Et ve Süt eserlerine dikkat
Dr. Düzgün en çok tüketilen et ve süt eserlerindeki problere de dikkat çekti. Süt eserlerinde kullanıldığı görünen natamisin, besinlerde küf ve maya gelişimini önleyen bir besin katkı hususu. Düzgün’e nazaran, bu husus E235 kodu ile Türk Besin Kodeksi Yönetmelik eklerinde yer alıyor ve kullanım limitleri detaylı olarak belirtilerek kurutulmuş kürlenmiş sosis ve kabuklu peynirde yüzey uygulamasına izin veriliyor. Düzgün lakin yoğurt, yumuşak peynir üzere eserlerde de kullanımının yasak olduğunu vurgulayarak, “Natamisinin günlük 0.3 mg/kg beden tartısından daha yüksek düzeylerde alınması alerjik ve sindirim sisteminde rahatsızlıklara yol açabiliyor.” bilgilerini aktardı.
Et eserlerinde uygunsuzluklara gelince; at, eşek, domuz üzere hayvanlar tek tırnaklılar olarak isimlendirildiğini hatırlatan Düzgün, bu tip etlerin maliyeti düşürmek için et eserlerine karıştırılabildiği açıklanan liste ile tekrar görüldüğünü belirtti. Bu hayvanların ülkemizde besin tüketimi için yetiştirilmediğinden ve denetlenmediğinden insan sıhhati açısından risk oluşturabildiğini kaydetti.
“Metil alkol maruziyeti, görme kaybı ve santral hudut sistemi baskılamasına yol açar”
Düzgün, bilhassa yeme içme yerlerindeki alkollü içeceklerde besinlerde kullanımına müsaade verilmeyen alkol tespiti de listede yer aldığını söyledi.
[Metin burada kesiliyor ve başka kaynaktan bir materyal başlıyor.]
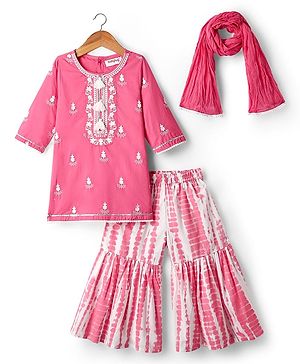 Babyhug Cotton Woven Full Sleeves Kurta Gharara Set With Dupatta & Floral Embroidered - Pink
Türk Besin Kodeksi Alkollü İçkiler Tebliği’ne nazaran farklı içkiler için metil alkol limitleri belirlendiğini tabir etti. Yüksek düzeyde metil alkol maruziyetinin, metabolik asidoz, görme kaybı, santral hudut sistemi baskılanması üzere sorunlara yol açtığını ve mevt riski taşıdığını hatırlattı. Dr. Merve Yavuz Düzgün, limit bedeller üstünde tespit edilen pestisit (zirai ilaç), küf toksini ve patojen mikroorganizma barındıran eser guplarının da listelere eklenmesinin ve bununla birlikte 2022’den bu yana uygunsuzlukların tespit edilme tarihinin de paylaşılmasının tüketiciyi daha düzgün aydınlatacağı vurgusunu yaptı.